───── SOURCE MATERIAL ─────
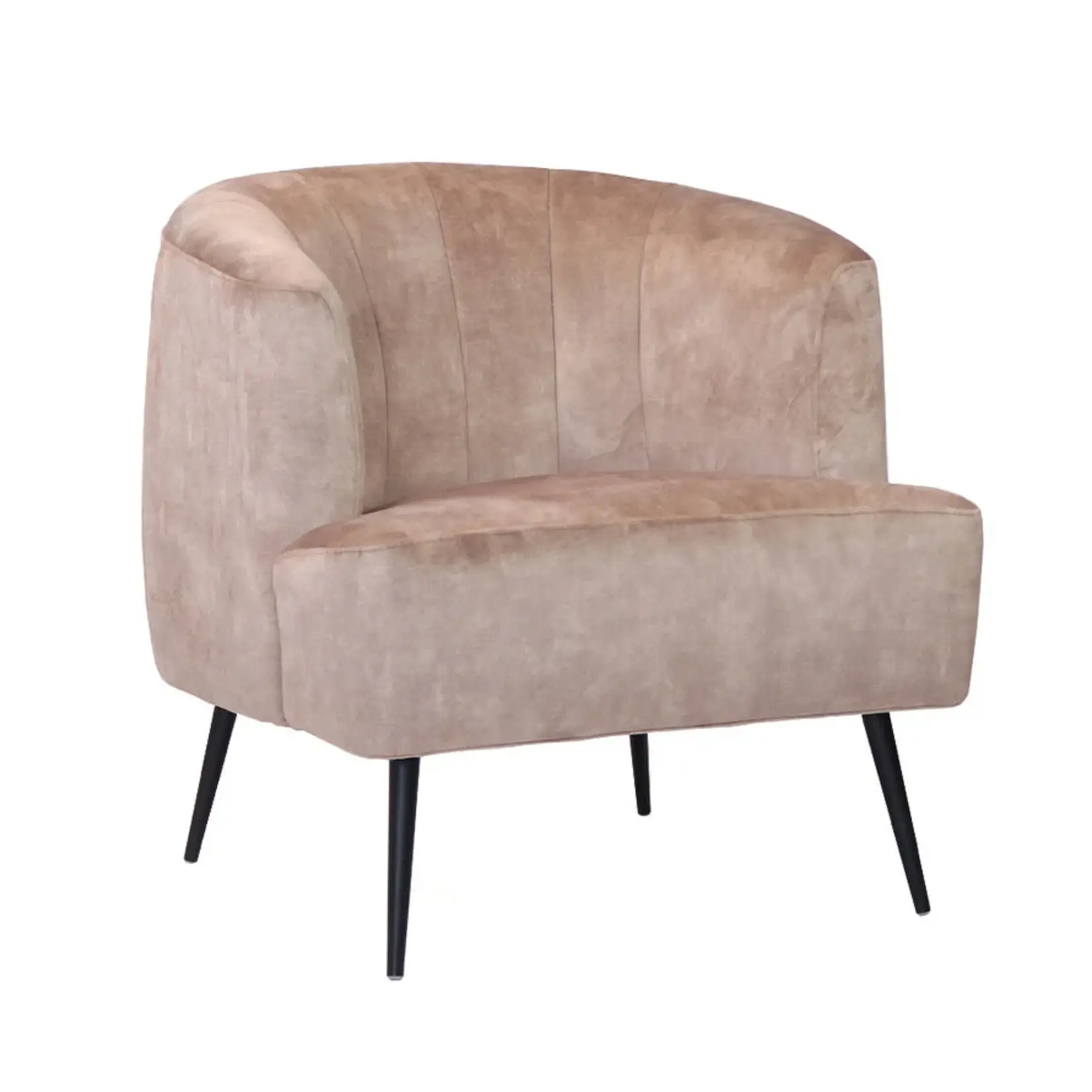 Billy Fauteuil Billy Taupe Velvet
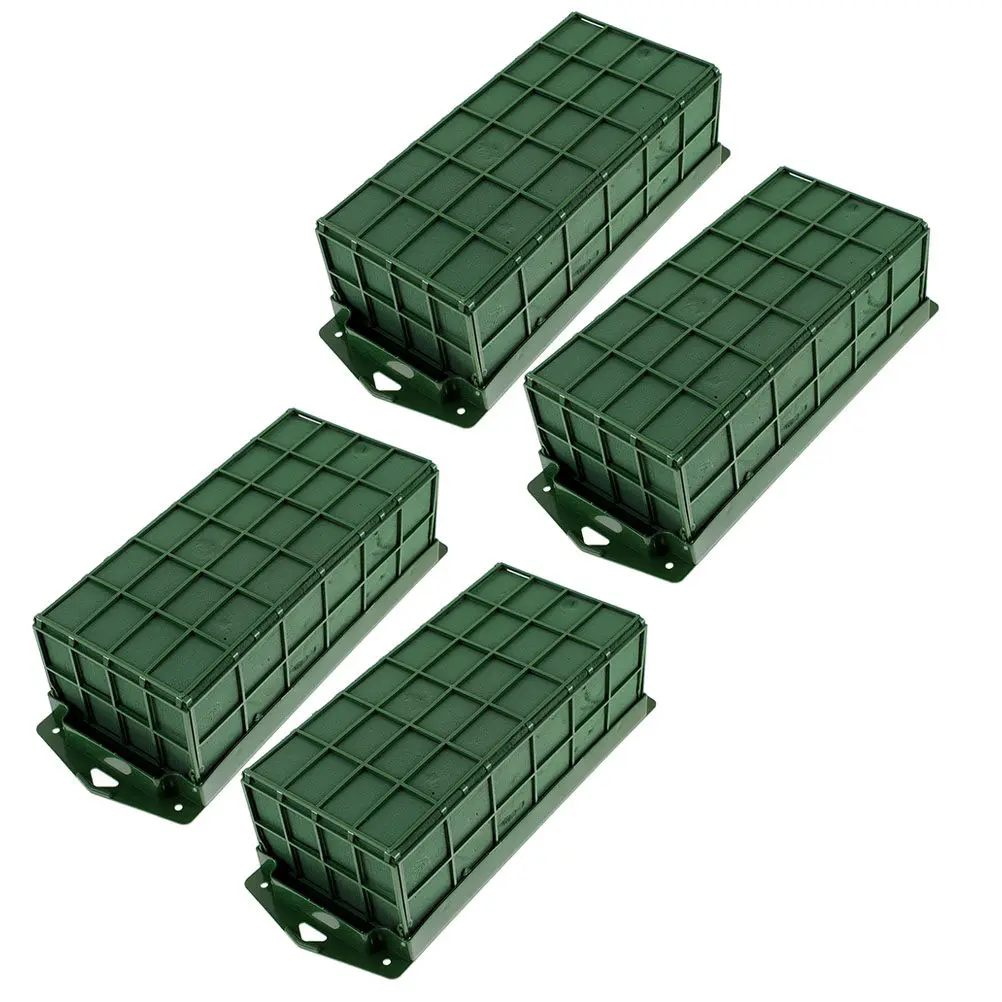 

Набор из 4 прямоугольных флористических пенок для долговечных цветочных композиций, пенокоры для DIY-декора, пенокоры-клетки для свадебных и праздничных украшений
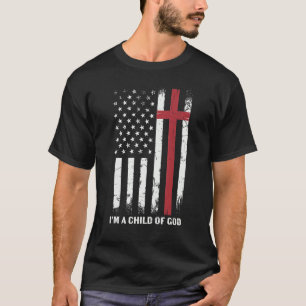 Retro Ich bin Kind der Bibel Verse American Flag C T-Shirt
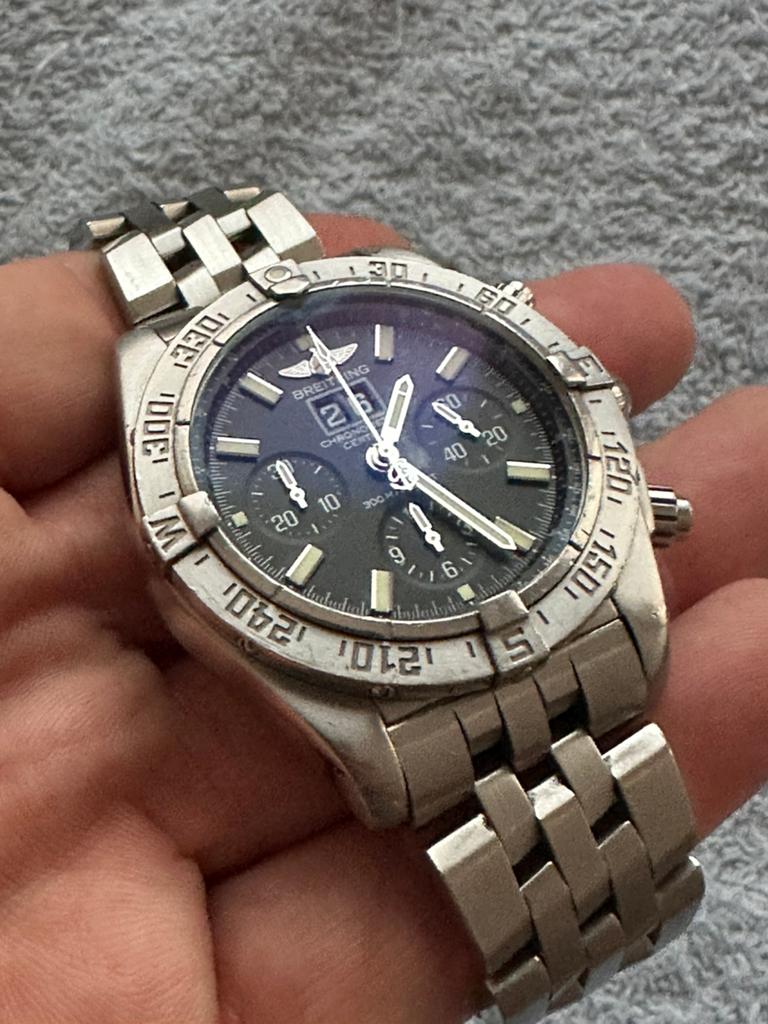 À vendre, magnifique, breitling automatique et original!!!!, Ophalen of Verzenden, Zo goed als nieuw, Breitling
─────
→ **EXERCISE AIM**: Everything in the material above should be reproduced exactly, except the pictures.

→ **SOLUTION BELOW**:
 Billy Fauteuil Billy Taupe Velvet

Набор из 4 прямоугольных флористических пенок для долговечных цветочных композиций, пенокоры для DIY-декора, пенокоры-клетки для свадебных и праздничных украшений
 Retro Ich bin Kind der Bibel Verse American Flag C T-Shirt
 À vendre, magnifique, breitling automatique et original!!!!, Ophalen of Verzenden, Zo goed als nieuw, Breitling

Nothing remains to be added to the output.